RECORDS FOR THIS TASK >>

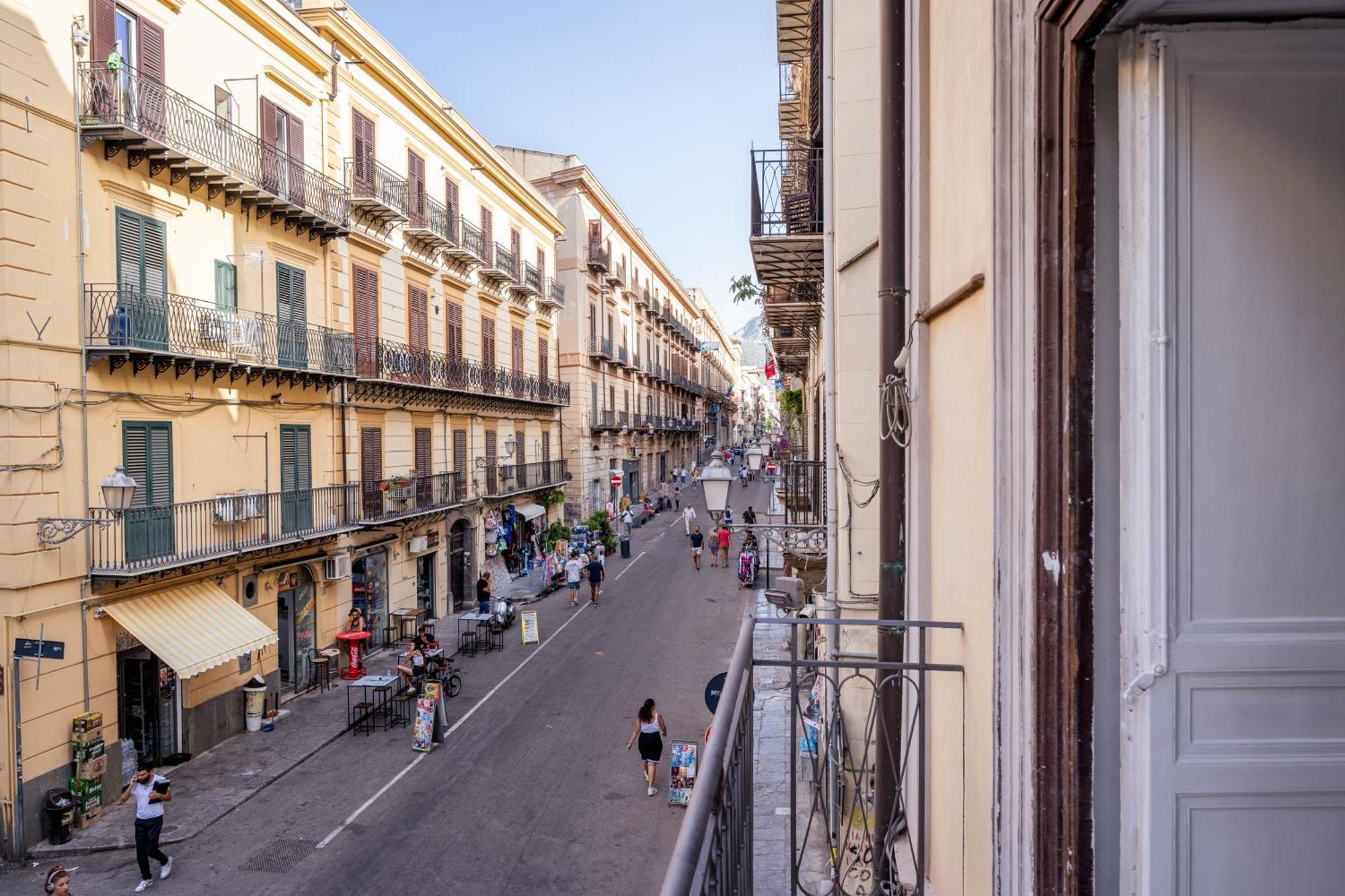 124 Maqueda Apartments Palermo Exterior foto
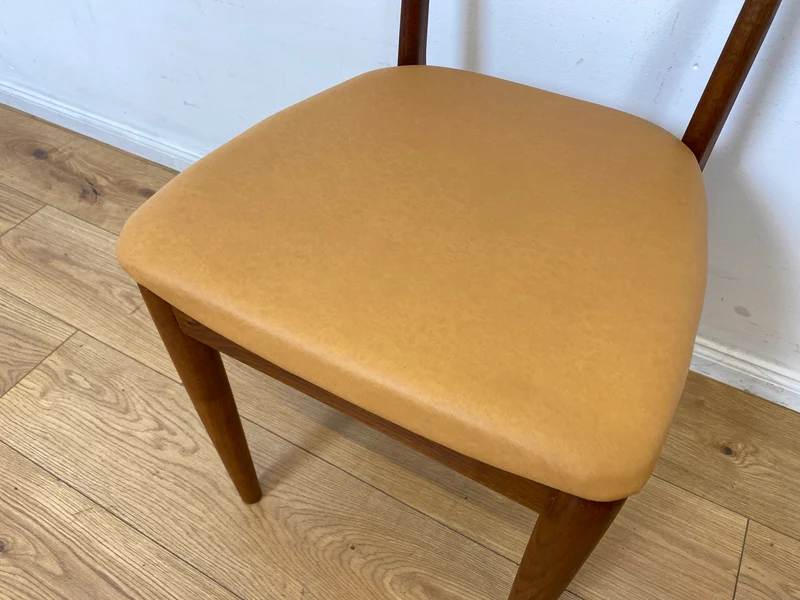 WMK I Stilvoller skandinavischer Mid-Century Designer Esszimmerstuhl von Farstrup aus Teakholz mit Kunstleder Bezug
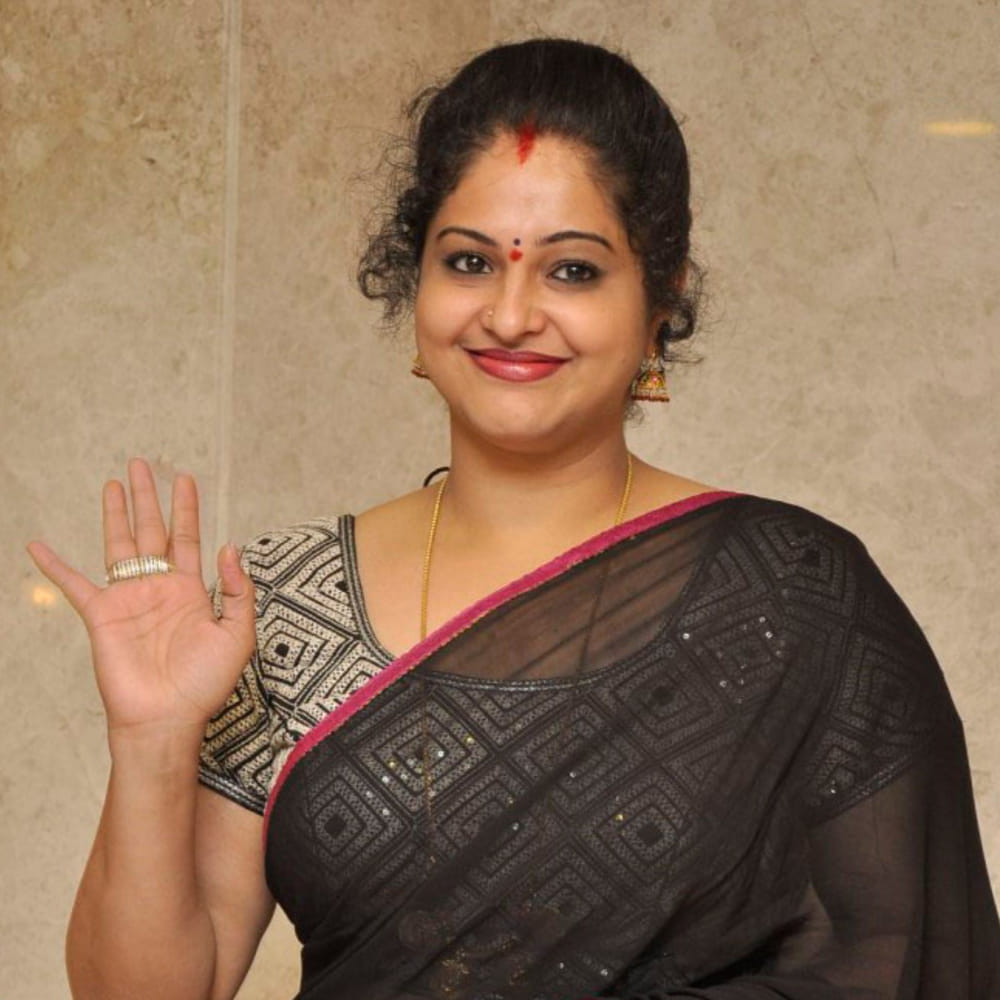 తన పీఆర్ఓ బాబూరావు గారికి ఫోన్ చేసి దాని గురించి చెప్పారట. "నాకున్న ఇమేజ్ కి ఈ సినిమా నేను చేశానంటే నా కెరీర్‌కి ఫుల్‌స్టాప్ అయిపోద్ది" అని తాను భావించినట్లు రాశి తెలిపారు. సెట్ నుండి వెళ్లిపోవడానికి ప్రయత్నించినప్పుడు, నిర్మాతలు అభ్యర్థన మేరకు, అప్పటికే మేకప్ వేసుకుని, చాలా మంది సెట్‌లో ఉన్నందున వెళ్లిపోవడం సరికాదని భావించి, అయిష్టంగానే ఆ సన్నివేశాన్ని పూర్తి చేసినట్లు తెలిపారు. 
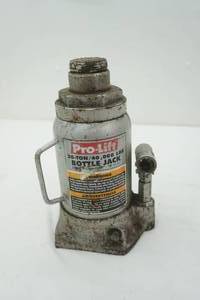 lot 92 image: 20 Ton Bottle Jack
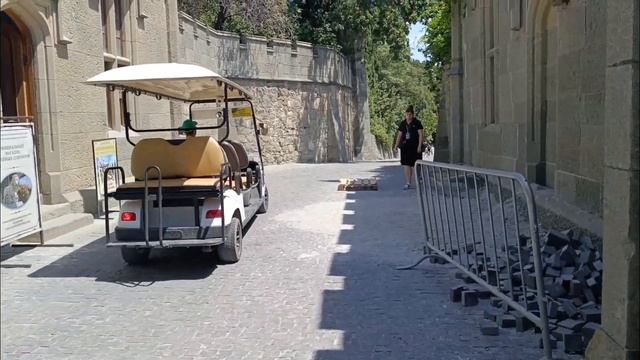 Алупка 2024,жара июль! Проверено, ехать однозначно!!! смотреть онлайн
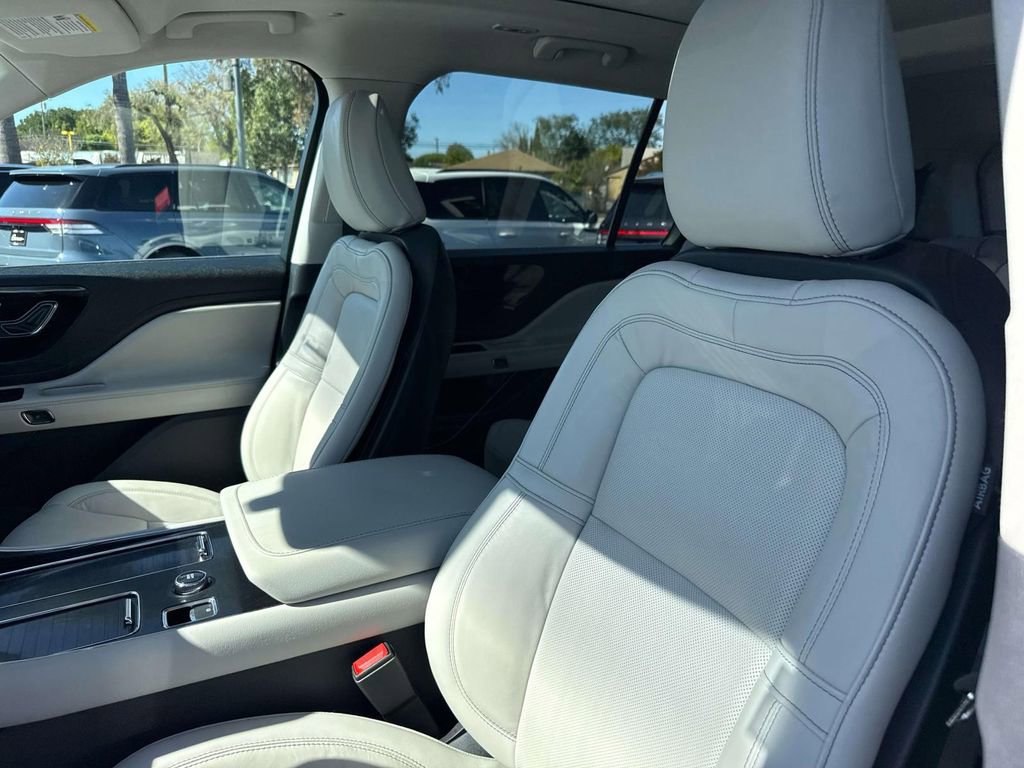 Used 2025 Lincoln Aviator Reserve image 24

AIM OF THE EXERCISE >>
Without the pictures, give back the entries exactly.

REPLY >>
 124 Maqueda Apartments Palermo Exterior foto
 WMK I Stilvoller skandinavischer Mid-Century Designer Esszimmerstuhl von Farstrup aus Teakholz mit Kunstleder Bezug
 తన పీఆర్ఓ బాబూరావు గారికి ఫోన్ చేసి దాని గురించి చెప్పారట. "నాకున్న ఇమేజ్ కి ఈ సినిమా నేను చేశానంటే నా కెరీర్‌కి ఫుల్‌స్టాప్ అయిపోద్ది" అని తాను భావించినట్లు రాశి తెలిపారు. సెట్ నుండి వెళ్లిపోవడానికి ప్రయత్నించినప్పుడు, నిర్మాతలు అభ్యర్థన మేరకు, అప్పటికే మేకప్ వేసుకుని, చాలా మంది సెట్‌లో ఉన్నందున వెళ్లిపోవడం సరికాదని భావించి, అయిష్టంగానే ఆ సన్నివేశాన్ని పూర్తి చేసినట్లు తెలిపారు. 
 lot 92 image: 20 Ton Bottle Jack
 Алупка 2024,жара июль! Проверено, ехать однозначно!!! смотреть онлайн
 Used 2025 Lincoln Aviator Reserve image 24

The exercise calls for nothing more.